> [INSTRUCTIONS TO FOLLOW]
Repeat precisely the span of lines below that opens with the line containing "mid sized ornamental" and closes with the line containing "Beef cattle in a field", both included.

> [AVAILABLE RECORDS]
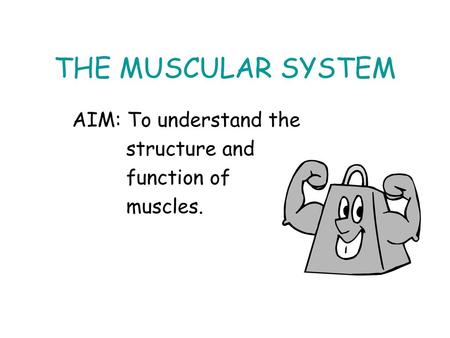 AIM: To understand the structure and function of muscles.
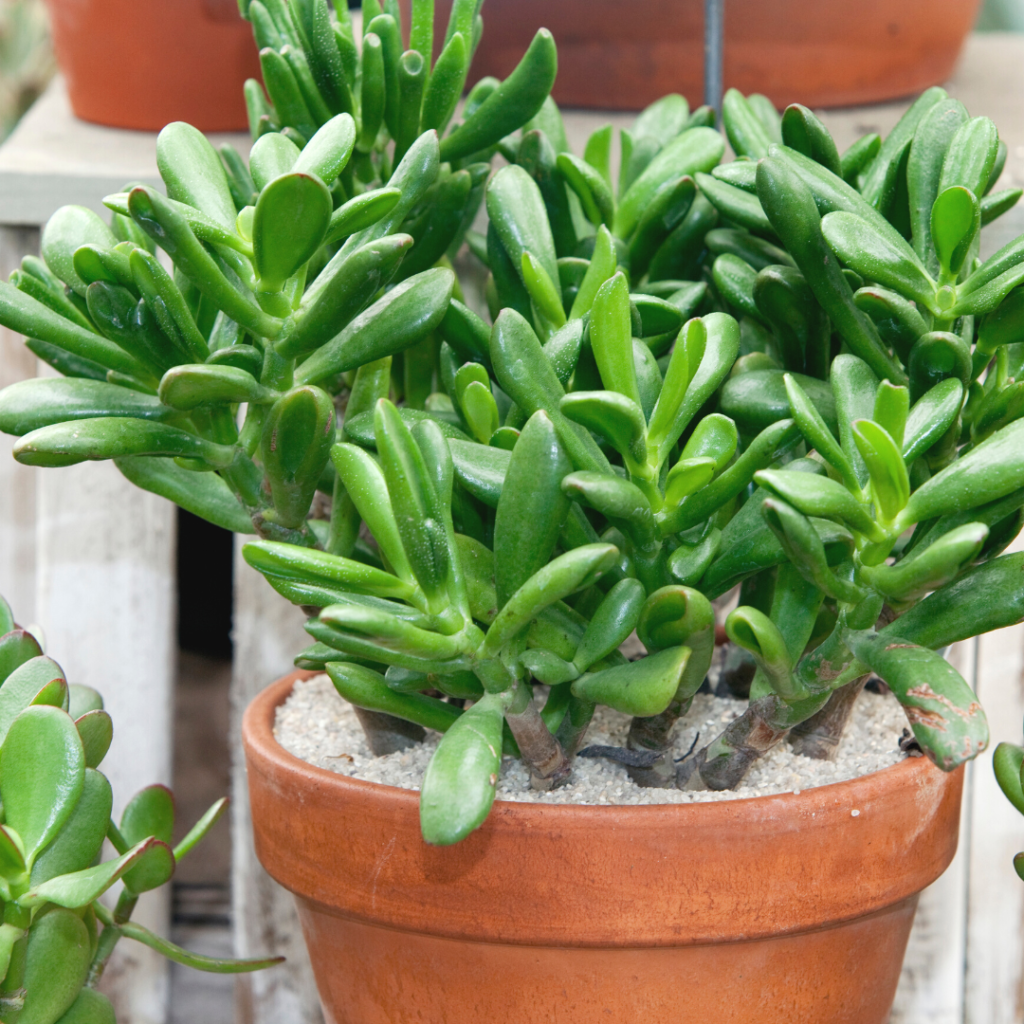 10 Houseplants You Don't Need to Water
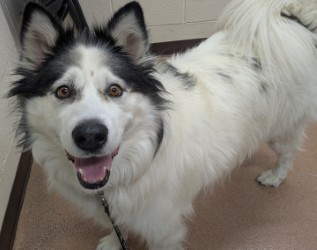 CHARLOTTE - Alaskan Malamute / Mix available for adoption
--
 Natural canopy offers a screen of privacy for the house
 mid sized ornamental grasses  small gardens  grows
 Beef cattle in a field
--
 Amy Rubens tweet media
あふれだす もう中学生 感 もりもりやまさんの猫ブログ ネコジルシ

> [WRITTEN SOLUTION]
 mid sized ornamental grasses  small gardens  grows
 Beef cattle in a field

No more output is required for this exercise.